Foram duas reviravoltas no mercado brasileiro de automóveis. Enquanto importador, fiel ao padrão norte-americano. Quando passou a fabricar, aderiu aos carros europeus. E agora, sucumbe novamente ao padrão dos EUA.
Antes de se implantar nossa indústria automobilística, na década de 60, praticamente só se importavam marcas norte-americanas. Só dava Chevrolet, Ford e Dodge. Contavam-se nos dedos os europeus.
Quando surgiram as primeiras fábricas de verdade (Ford e GM eram simples montadoras de peças), os modelos bem sucedidos eram derivados dos europeus. Nosso mercado sempre foi muito mais atrelado ao Fusca, Corcel, Monza e Palio do que ao Maverick, Dart ou Galaxie.
Há uma diferença fundamental entre modelos da Europa e dos EUA, que surgiu depois da segunda guerra. Os europeus desenvolveram carros mais compactos, com mecânica mais sofisticada e eficiente que os americanos. Reflexo da própria economia de cada um: os automóveis produzidos nos EUA, enormes, beberrões, com exagero de dimensões e cromados, refletiam o poder da economia norte-americana. Dólares em profusão, gasolina mais barata que água mineral.

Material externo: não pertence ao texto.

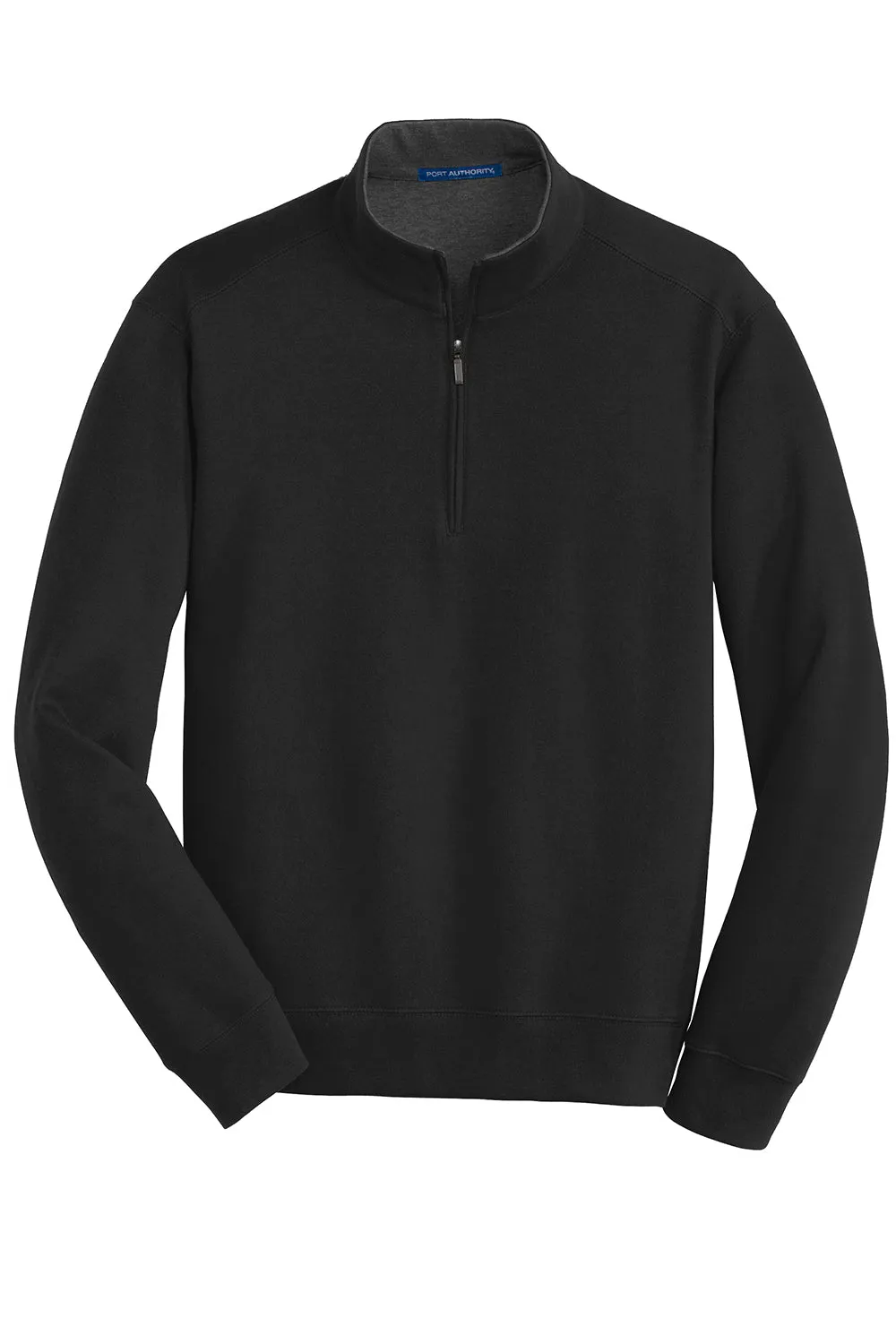 Port Authority Mens 1/4 Zip Long Sleeve Sweater - Deep Black  Premium quality Clothing Port-Authority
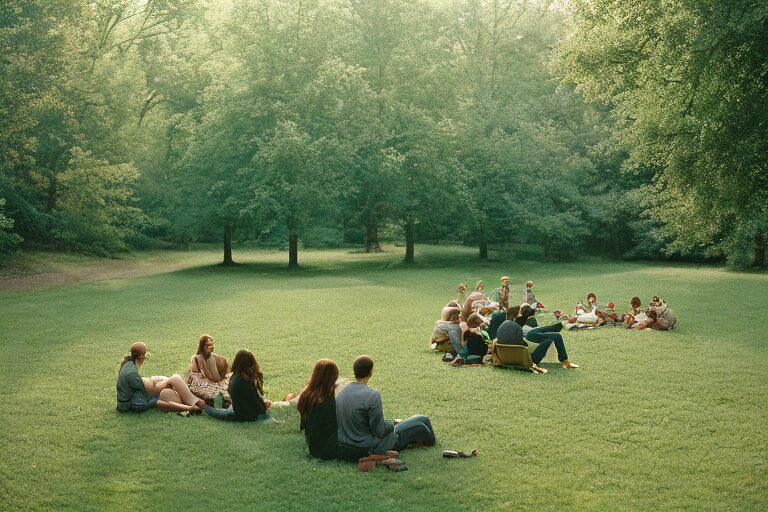 Conversation en flamand et néerlandais dans un cadre de verdure - parc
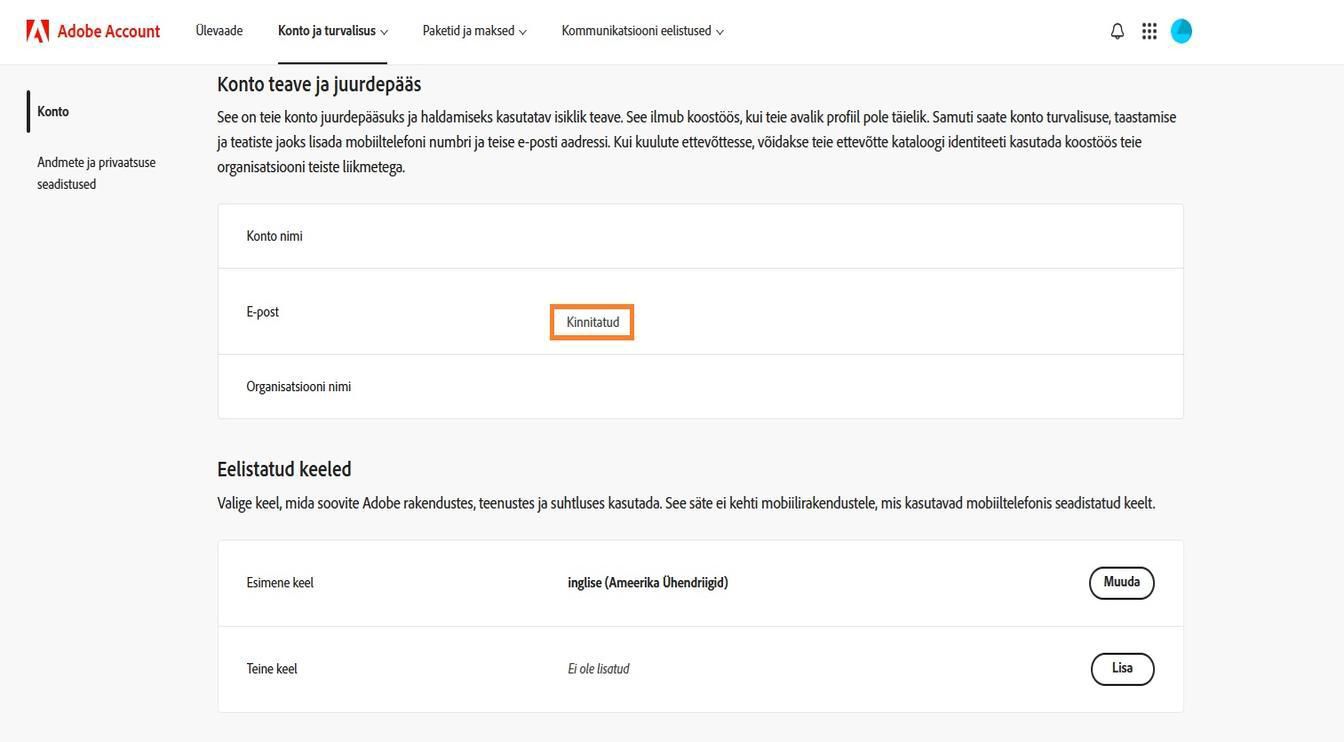 Esmane e-posti aadress (Adobe ID), mis on esile tõstetud konto lehel, näitab teie Adobe kontoga seotud e-posti aadressi.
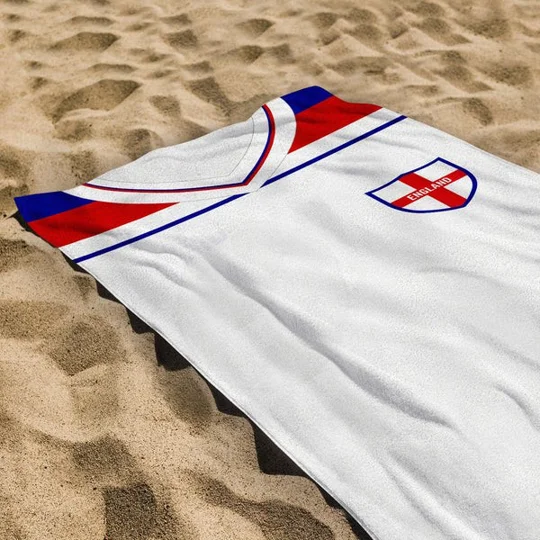 England 1982 Home Shirt-Inspired Beach Towel | Retro Football Accessory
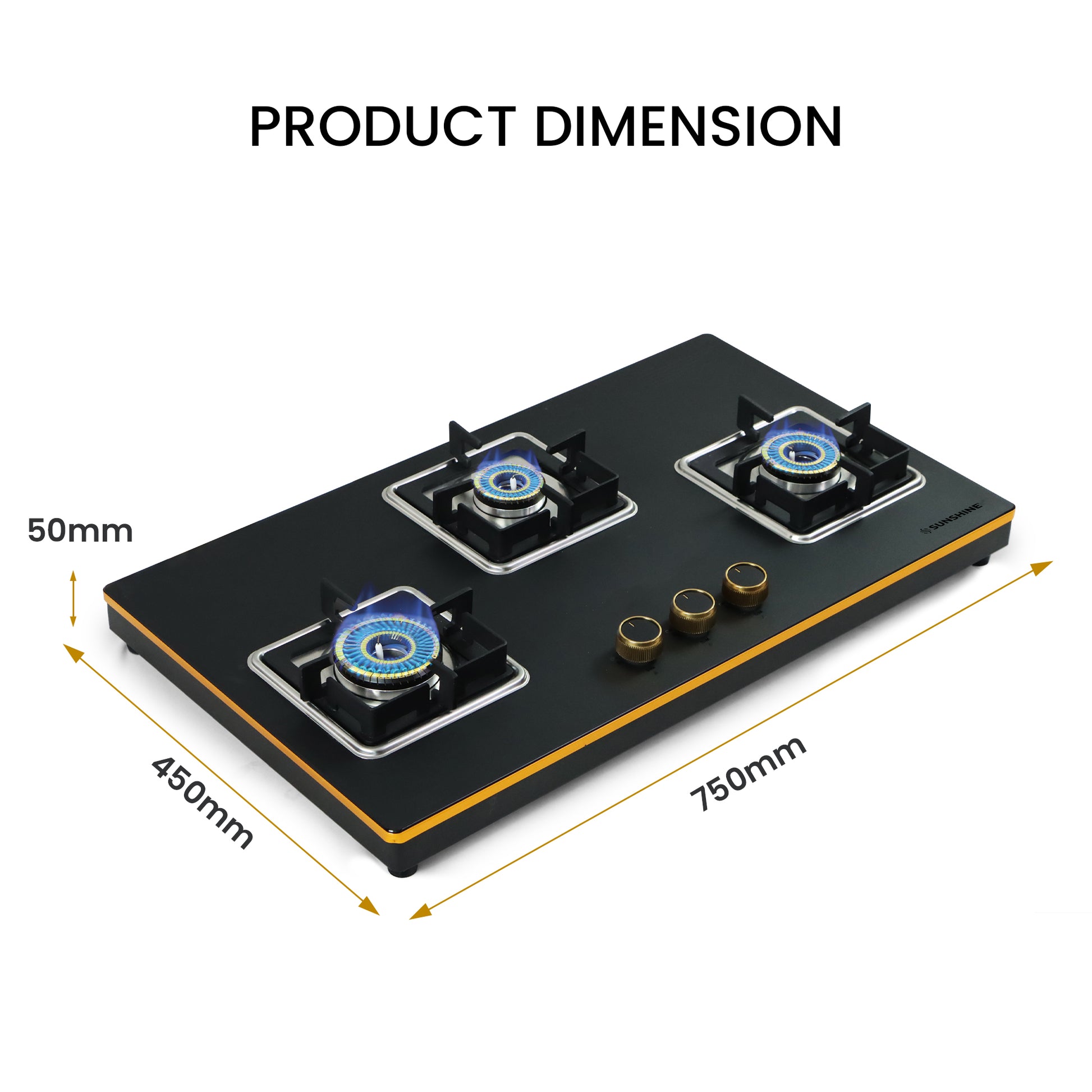 Sunshine Shine Gold Three Burner Gas Stove/Hob Top Auto Ignition Dimensions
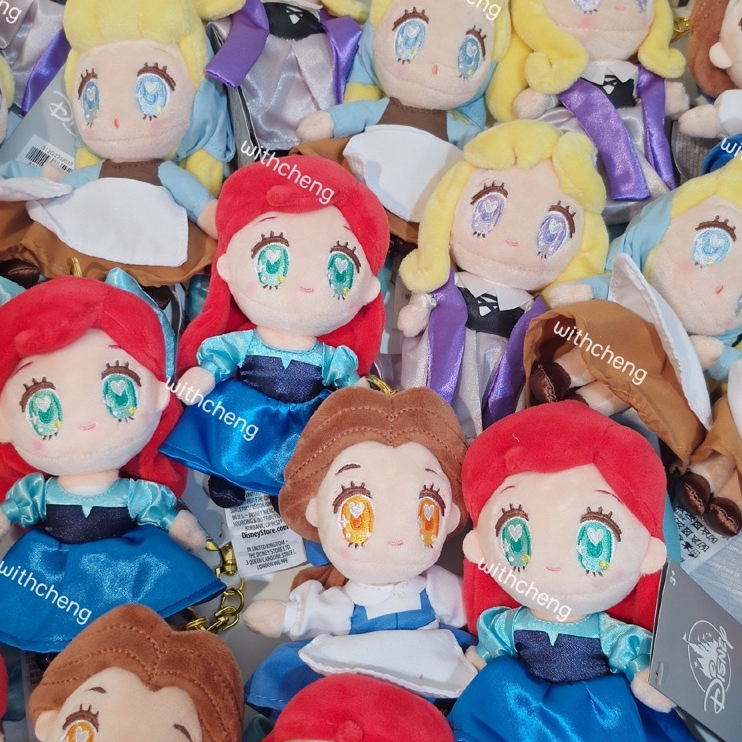 พร้อมส่ง พวงกุญแจ เจ้าหญิง แอเรียล เบลล์ ออโรร่า ซินเดอเรลล่า จาก Disney Princess Plush Keychain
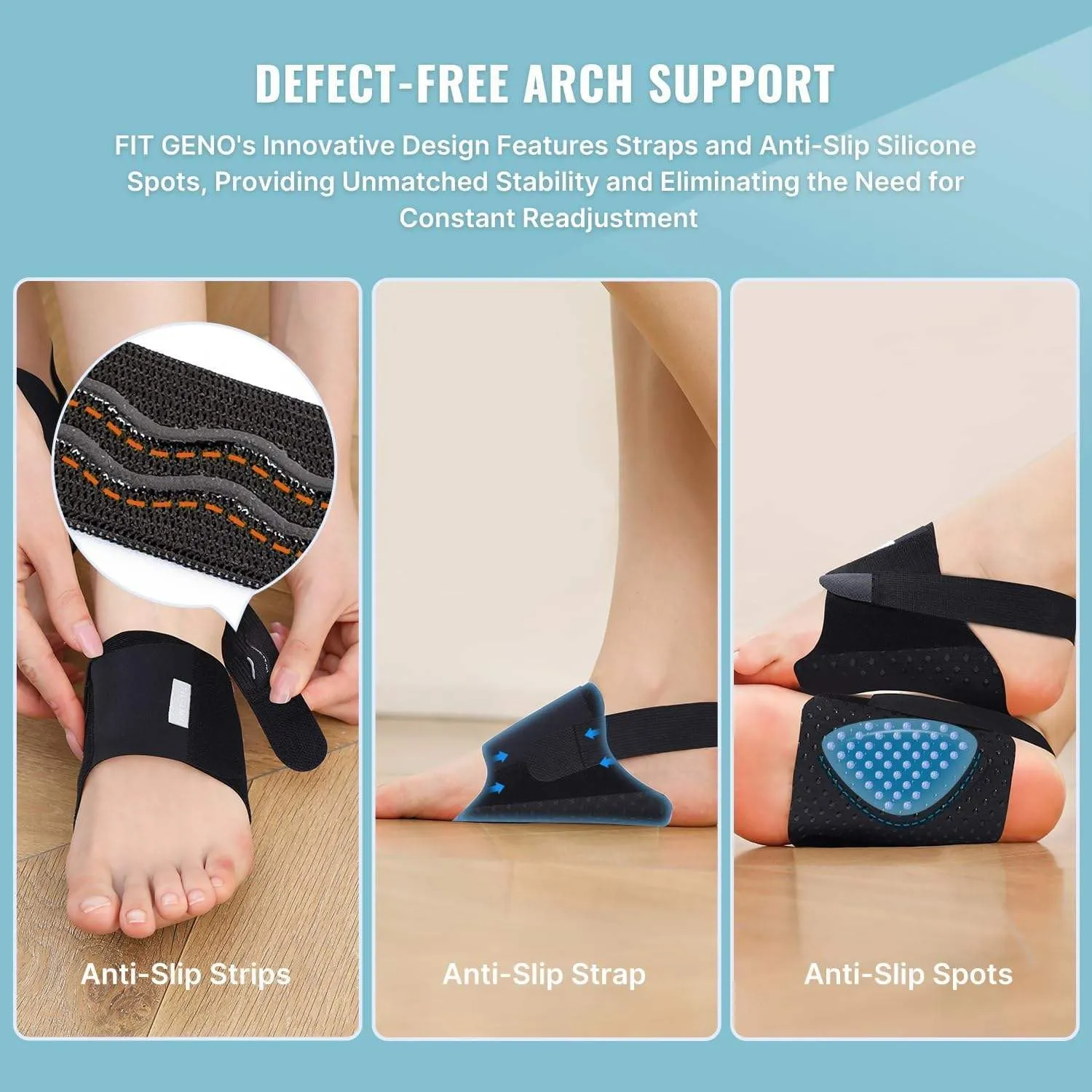 Arch Support Braces Sleeves for Plantar Fasciitis Relief, Arch Sleeves With Gel Pad For Feet, foot arch support for flat feet, Adjustable Non-Slip Arch Support Brace For Women (Black)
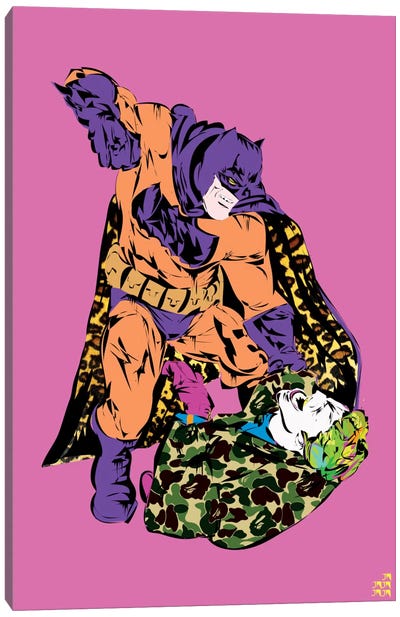 Batman & Joker Canvas Art Print - Comic Book Character Art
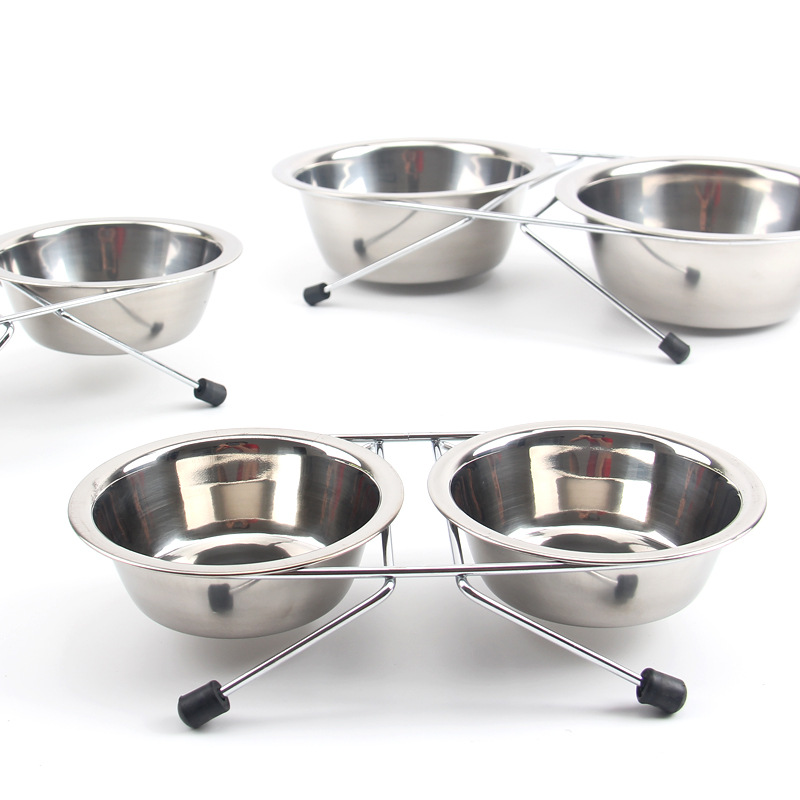 Factory Direct Pet stainless steel bowl non-slip iron bracket double bowl cat bowl large, medium and small dog bowl supplies spot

Enquanto isso, os europeus se restabeleciam das ruínas da guerra, com fábricas e economias destruídas. Tudo era escasso, principalmente na Alemanha. A BMW chegou a produzir um carro semelhante à nossa Romi-Isetta, a BMW-Isetta, menor que o Fusca.
Racionalidade: marca dos carros europeus
Mas, com seu incrível poder de recuperação (e uma mãozinha do plano Marshall…), a Europa foi se restabelecendo, aperfeiçoando e modernizando seus automóveis. Sem fugir da filosofia básica de capricho na mecânica, tecnologia e eficiência, contenção de peso e otimizando a relação custo-beneficio.
Nada de gigantescos motores V8 de 5 e 7 litros equipando “lanchas” de cinco a seis metros de comprimento pesando mais de duas toneladas.
Os carros europeus eram equipados com eficientes máquinas de baixa cilindrada, como os da Opel, VW, BMW, Alfa Romeo, Rover, Fiat. E desenvolviam quase a mesma potência de Fords e Chevrolets, apesar de consumir a metade. Os cavalos que faltavam aos europeus eram compensados por centenas de quilos a menos, caixas manuais com duas marchas mais que as automáticas de três velocidades dos americanos.
Brasil era retrato da Europa
A economia brasileira era muito mais um retrato da europeia, o que se evidenciava pelo panorama de nossas ruas nas décadas de 60 a 80: quase só modelos da VW, Fiat, Alfa Romeo, Simca e Opel (braço europeu da GM). Da Ford que fabricava europeus (Corcel, Del Rey, Escort) e americanos (Willys, Maverick e Galaxie).
A Dodge com uma linha dos EUA (Dart) e outra inglesa (Polara). E, com a crise do petróleo da década de 70, sumiram os grandes americanos como Dart e Galaxie.
O único modelo norte-americano que fazia sucesso por aqui e quase desconhecido na Europa era a picape grande. E durante anos só se produziu Chevrolet (C-10) e Ford (F-100), até que a Fiat teve a brilhante idéia de lançar em 1978 uma picape inexistente no mundo, derivada de um compacto, o 147 Pick-up. Logo copiada pela GM, Ford e VW.
Nos EUA, a conversa é outra, e o motorista é apaixonado pelas picapes médias e grandes: Ford Ranger lá é “pequena”. Aliás, no típico exagero norte-americano, Honda Civic é classificado como “compacto”. Renault e Fiat quebraram a cara ao tentar vender seus modelitos por lá. Citroën e Peugeot nem tentaram.
O SUV…
A paixão pela picape levou a uma variação sobre o tema, o utilitário esportivo (o SUV). O europeu ainda resiste a ambos, mas o brasileiro se encantou a aderiu a esse inexplicável modismo.
Não existe carro mais prático para a família que a perua, ou station-wagon, em inglês. Que caiu em total desuso por aqui, eliminada do mapa – assim como os hatches médios – pelos SUVs.
No Brasil, o avô tinha um Chevrolet 1951, o filho, um Opala Caravan. O neto adora a Blazer…
Não pergunte a um brasileiro o que o levou a trocar a perua Toyota Fielder ou Fiat Weekend pagando muito mais por um Corolla Cross ou Pulse: decisões emocionais são inexplicáveis.